Jiaoliao people

Regions with significant populations
- China (Shandong Peninsula and Liaodong Peninsula)

Languages
- Jiaoliao Chinese as primary, Standard Chinese as secondary)

Religion
- Chinese folk religion, Taoism, Buddhism, Christianity, Atheism

= Jiaoliao people =

Jiaoliao people (胶辽民系 (Jiāoliáorén)), also referred to as the Jiaoliao Han people (胶辽汉人 (Jiāoliáo Hànrén)), are a Han Chinese ethnolinguistic group primarily inhabiting the Jiaodong Peninsula in Shandong Province and Liaodong Peninsula in Liaoning Province.
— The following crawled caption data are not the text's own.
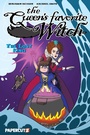 Cover: The Queen's Favorite Witch Vol. 2 - Papercutz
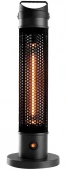 YATO Обігрівач інфрачервоний, переносний YATO, ел.-мереж- 230 В, 800 Вт  | YT-99520
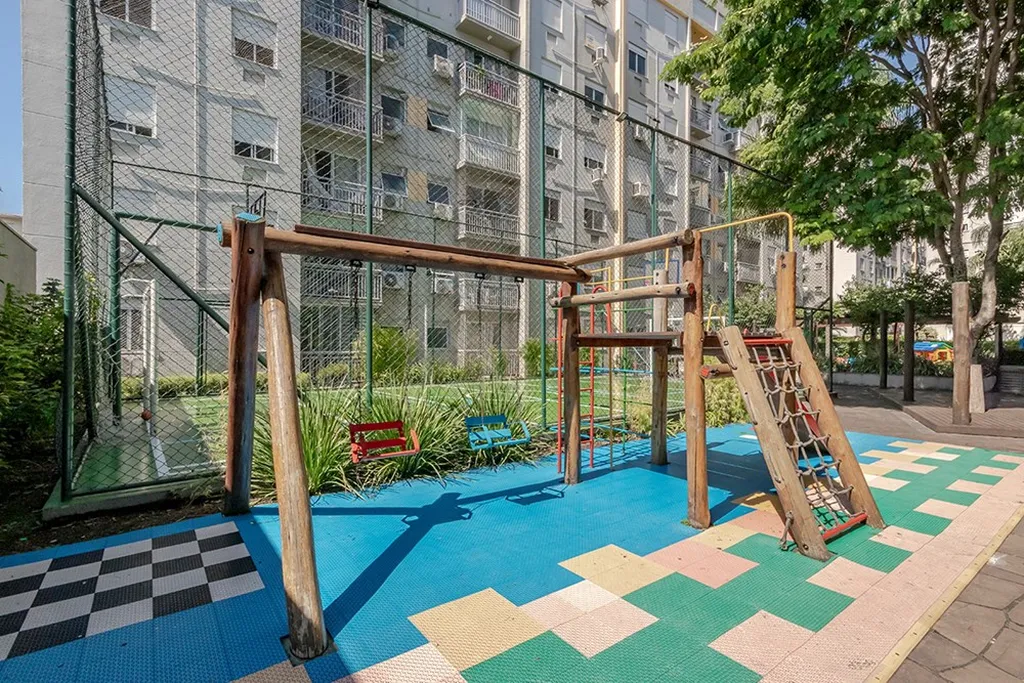 Imagem Apartamento em Camaquã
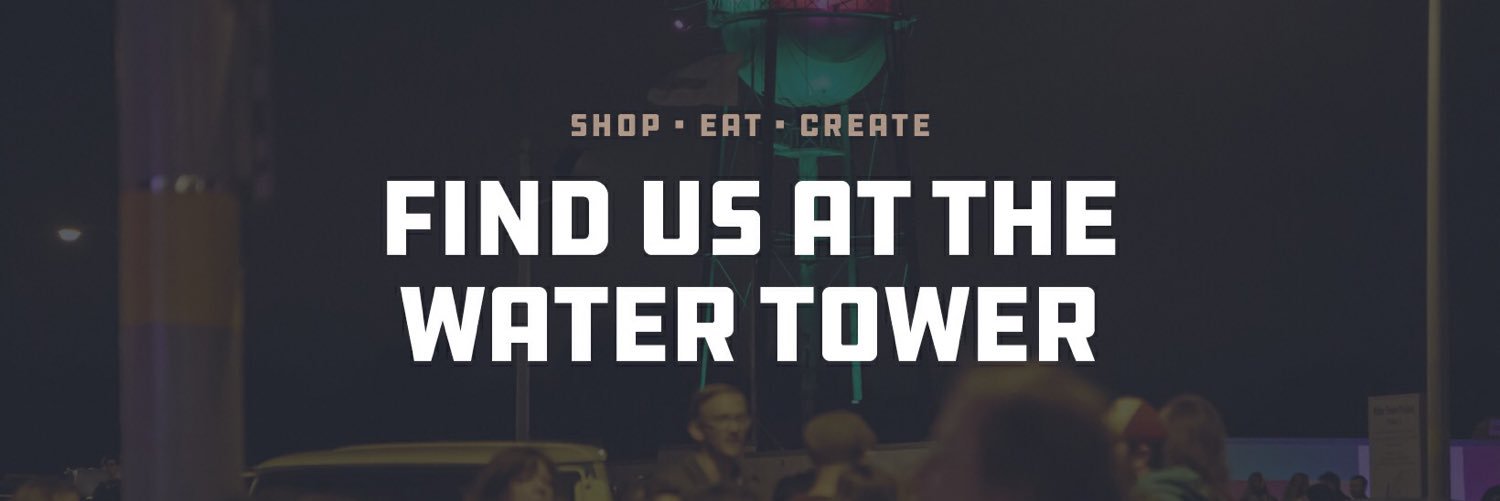 Broad Ave District banner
They are distinguished by their use of Jiaoliao Mandarin, with unique phonological features.
The Jiaoliao people emerged as a distinct regional group through centuries of cultural exchange across the Bohai Sea when maritime trade and population movement intensified between Shandong and Liaoning regions. This led to a blending of customs and dialects, forming a coherent regional identity.
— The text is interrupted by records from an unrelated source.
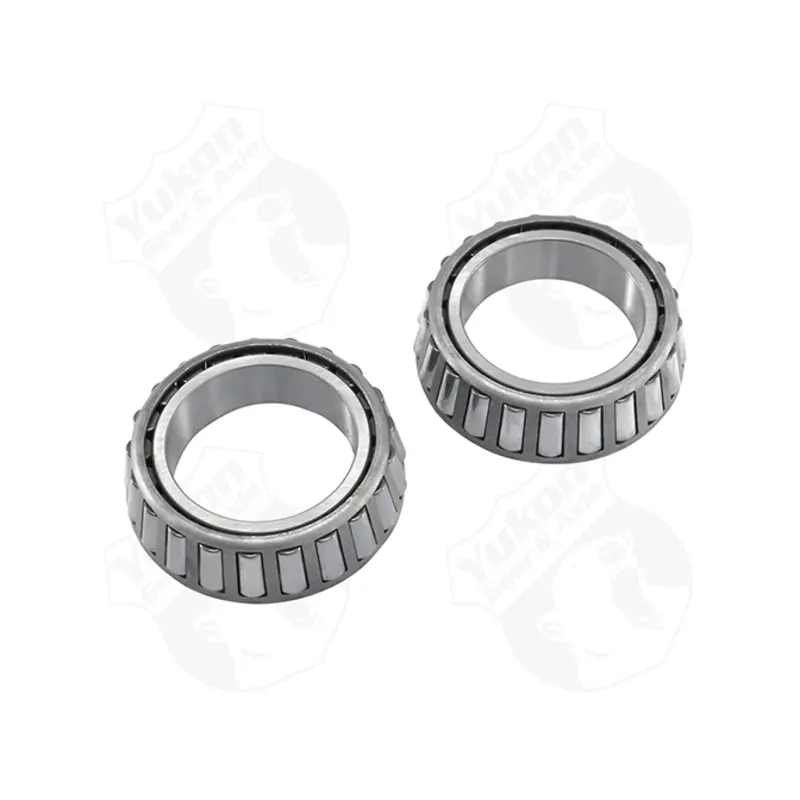 Yukon Differential Carrier Bearing YT SB-D50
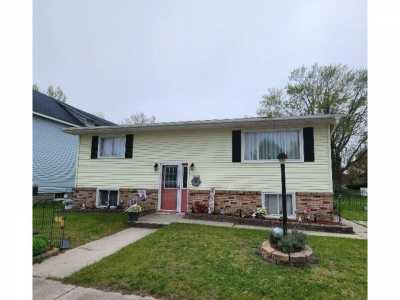 Home For Sale in Alpena, Michigan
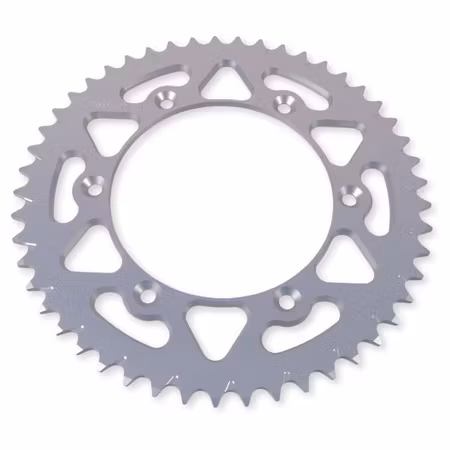 Esjot bakdrev aluminium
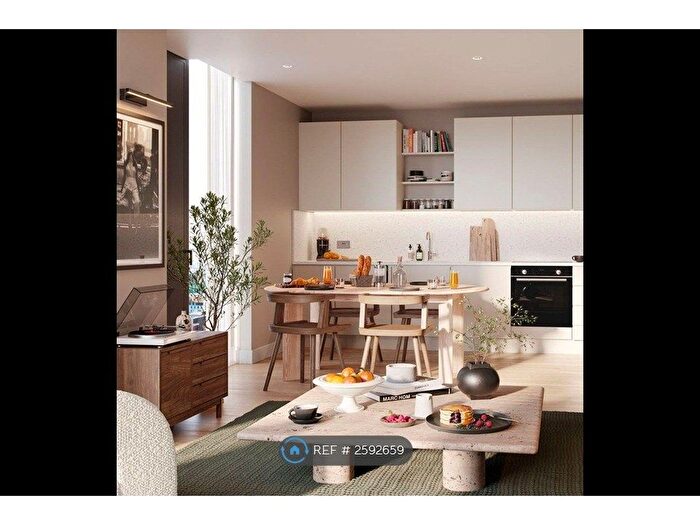 1 Bedroom Flat To Rent In Tower C Victoria Riverside, Manchester, M4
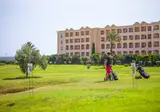 Nour Palace Resort & Thalasso foto 2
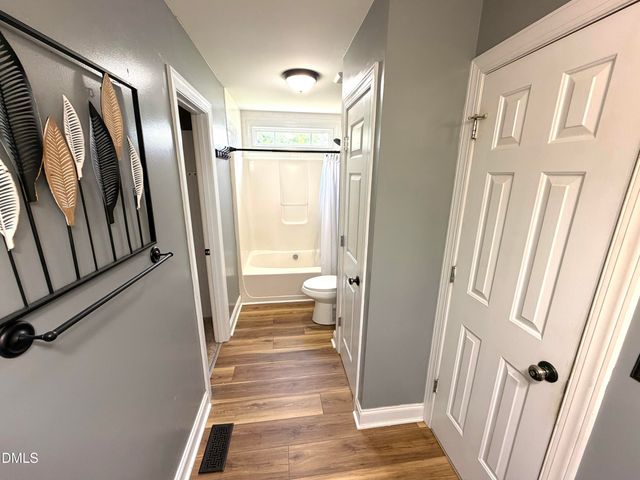 399 Reeder Branch Drive, Clayton, NC 27520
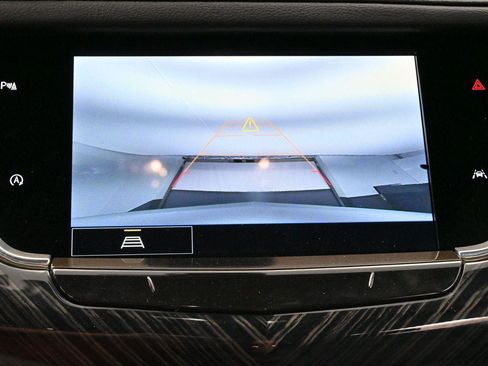 Certified 2024 Cadillac XT6 Premium Luxury w/ LPO, Floor Liner Package AWD/4WD image 24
Jiaoliao people moved to China's Liaodong peninsula. Despite regional variation, they share strong culinary traditions, sea-based livelihoods, and linguistic characteristics centered around Jiaoliao Mandarin.

The Jiaoliao identity is less commonly recognized than other Han subgroups, but remains notable in linguistic, historical, and cultural scholarship on northern coastal China.